__Data below__
########
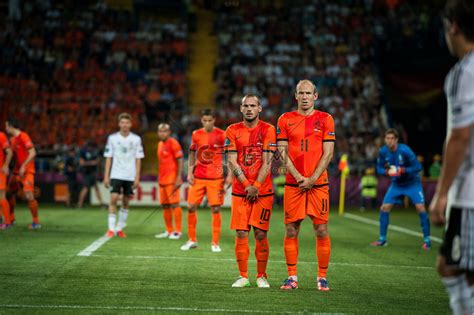 荷兰 vs 丹麦在欧洲足球联赛足球比赛中的表现高清摄影大图-千库网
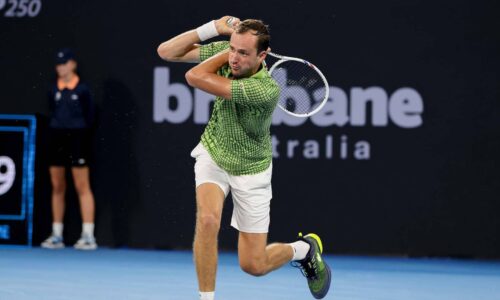 Daniil Medvedev finds his range, stays on course for Brisbane title | ATP Tour
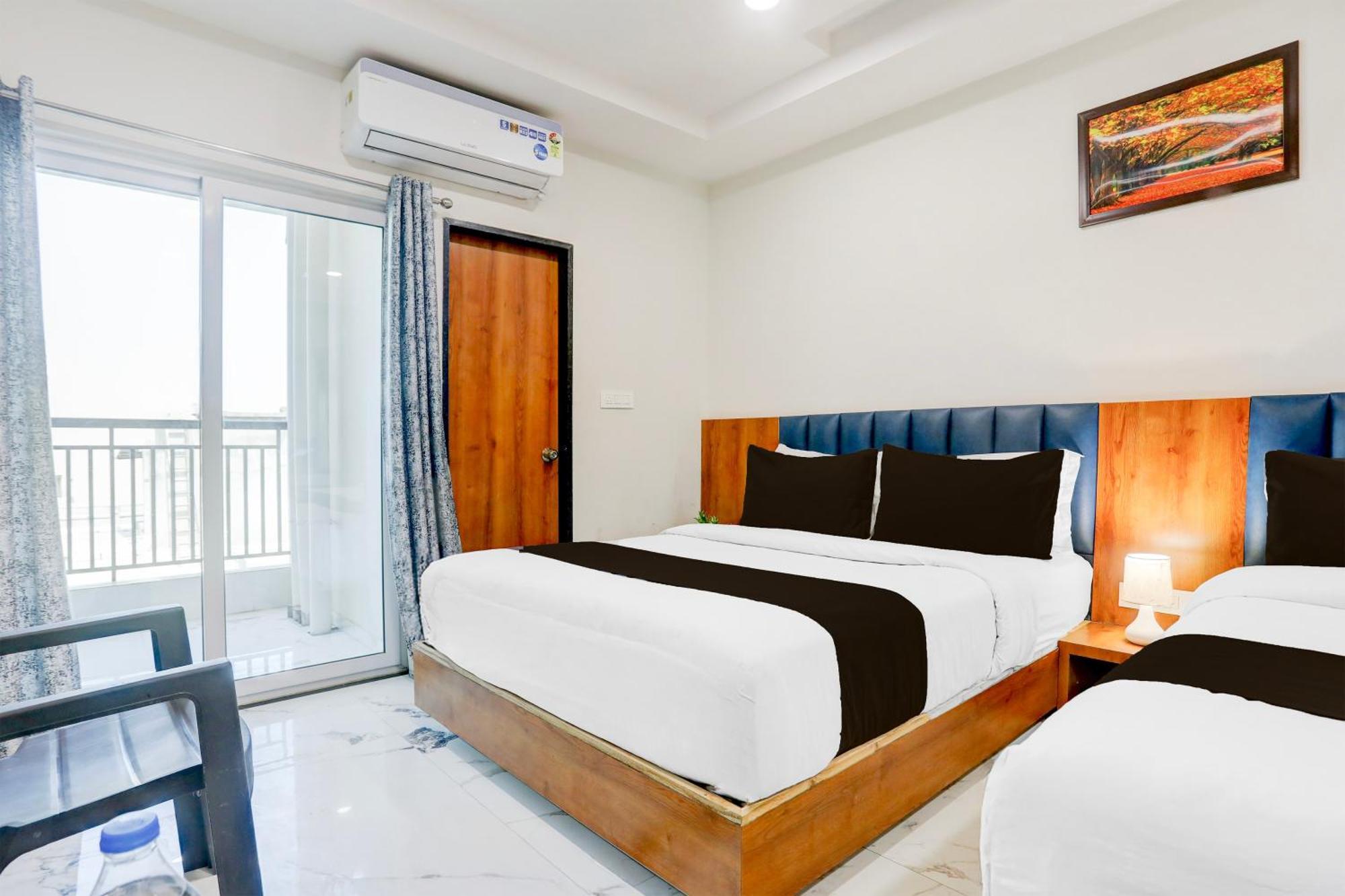 Super Townhouse Ambaji Formerly Hotel Kardhar Inn Exterior photo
########
__Task brief__
Produce an exact copy of each line of data, skipping embedded images.

__Written solution__
 荷兰 vs 丹麦在欧洲足球联赛足球比赛中的表现高清摄影大图-千库网
 Daniil Medvedev finds his range, stays on course for Brisbane title | ATP Tour
 Super Townhouse Ambaji Formerly Hotel Kardhar Inn Exterior photo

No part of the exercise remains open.